La population d’étude était composée des élèves de moins de 15 ans des classes des cours élémentaires de première année (CE1) et de deuxième année (CE2), et des cours moyens de première année (CM1) et de deuxième année (CM2). Nous avons sélectionné au hasard 45 élèves par école, soit entre 10 à 15 élèves par classes. Au niveau de deux écoles privées (complexe scolaire les Joyeux Enfants du Burkina et l’école primaire Rehoboth), compte tenu de l’absence de certain·e·s élèves liée aux difficultés financières des parents à pouvoir honorer la scolarité, l’effectif prévu des enquêté·e·s (45) par école n’a pas pu totalement être atteint.

Tableau 1. Liste des écoles par arrondissement, leurs statuts et les élèves enquêtés.
Carte 1. Localisation des écoles enquêtées à Ouagadougou. Source : PIGéO, 2015.

Processus de collecte

L’enquête s’est déroulée dans la cour de chaque école à partir de rendez-vous préalablement fixés avec la direction des écoles. Les élèves ont été interrogé·e·s de façon individuelle à l’aide du questionnaire. Chaque élève sélectionné·e sortait de la classe à tour de rôle pour répondre aux différentes questions. Chaque question a été lue à haute voix, laissant à l’élève tout le temps de répondre avant de passer à la question suivante. Concernant les données d’observation sur le terrain, elles reposent sur la technique d’observation directe à base d’une grille d’étude sur les différents types d’aménagements réalisés autour des écoles. L’observation a porté sur la présence de ralentisseurs pour réduire la vitesse des usagèr·e·s motorisé·e·s, les panneaux de signalisation (par exemple les zones 30), la construction de clôture pour les écoles et les barrières de protection devant les écoles.

L’analyse des données

Les données collectées ont été saisies sur le logiciel de traitement et d’analyse de données Le Sphinx. Une vérification de la saisie a été effectuée pour éviter les erreurs et les pertes d’informations.
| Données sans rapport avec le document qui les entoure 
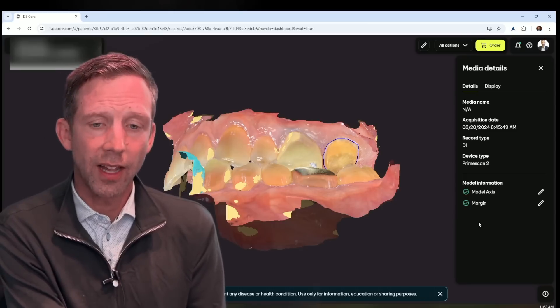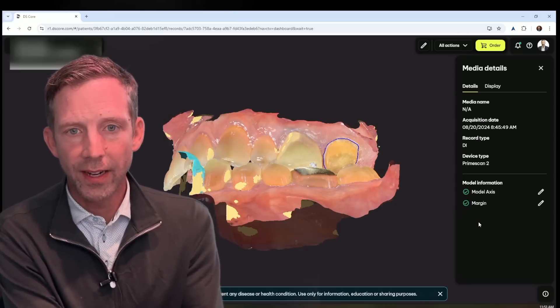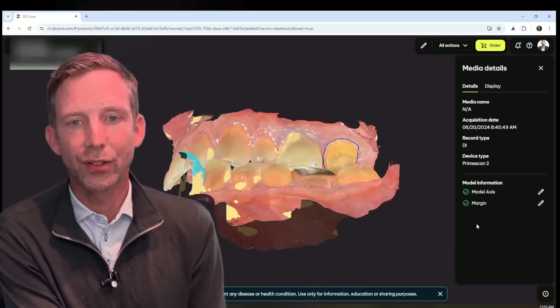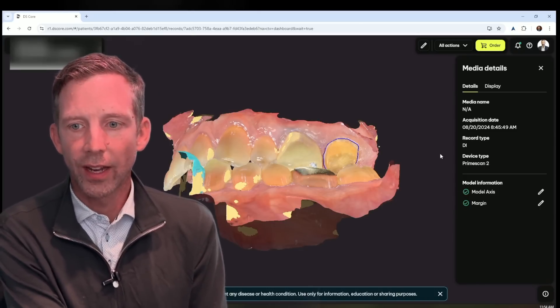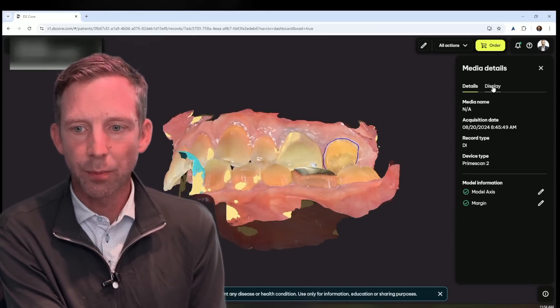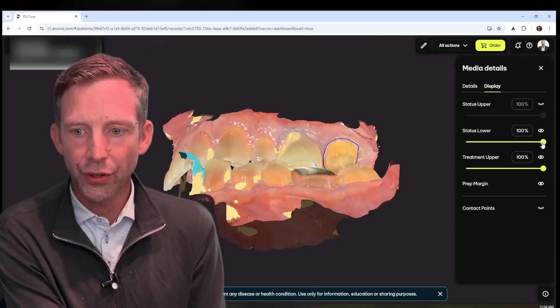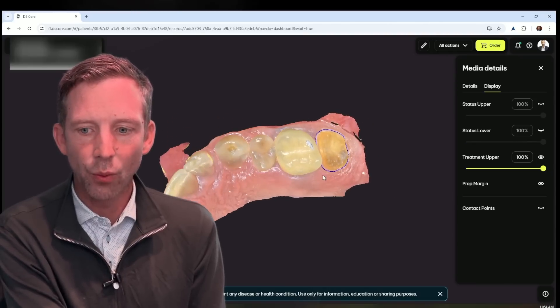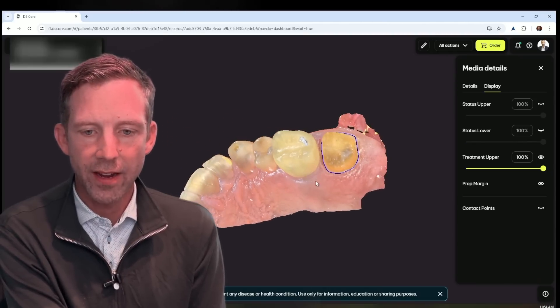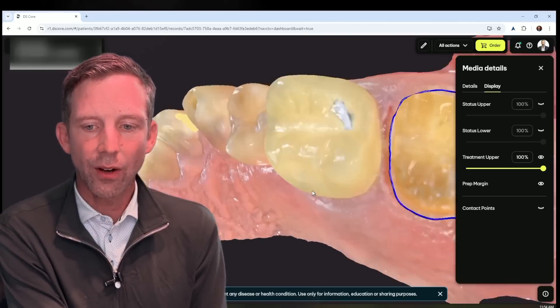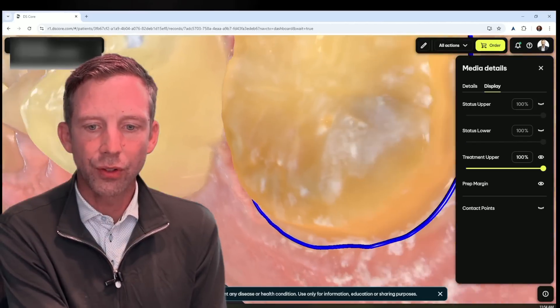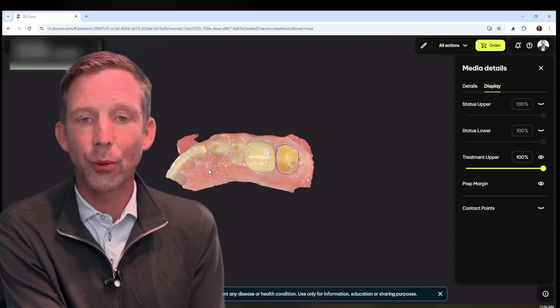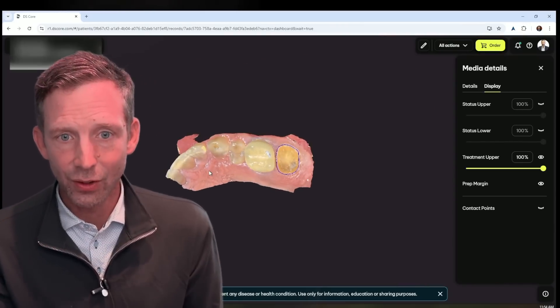So if we look at the display, we'll go ahead and turn off the lower jaw. And we can see what we have here. And not only that, you're able to alter the margin if you would like directly into DS Core.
L’exportation des données a permis de faire des analyses avec le logiciel XLSTAT. Des analyses descriptives ont été réalisées. Le test de khi2 a permis de valider les corrélations entre les accidenté·e·s et les caractéristiques sociodémographiques (âge sexe, profession du père et de la mère) et socio-territoriales (zones d’habitation, espace de jeu, habitude de déplacement et mode d’accompagnement).

Résultats

Les caractéristiques sociodémographiques des enfants impliqué·e·s dans les accidents de la route

Les enfants impliqué·e·s dans les accidents de la route sont davantage les garçons (32%) que les filles (25%). Parmi l’ensemble des enfants impliqué·e·s, la proportion des enfants ayant l’âge de 12 ans (39%) et de 8 ans (34%) est relativement supérieure. Au-delà de 8 ans, cette proportion diminue (24% pour les 9 ans et 13% pour les 10 ans) et augmente à nouveau (33% pour les 11 ans) jusqu’à 12 ans, avant de baisser (32% pour les 13 ans et 24% pour les 14 ans) (Tableau 2). S’agissant de la profession des parents, les pères salariés (41%) et les pères qui ne travaillent pas (33%) ont plus d’enfants impliqué·e·s dans les accidents de la route. Les enfants de père commerçant/commerçant ambulant (23%) et de père employé/ouvrier (23%) sont relativement moins impliqué·e·s.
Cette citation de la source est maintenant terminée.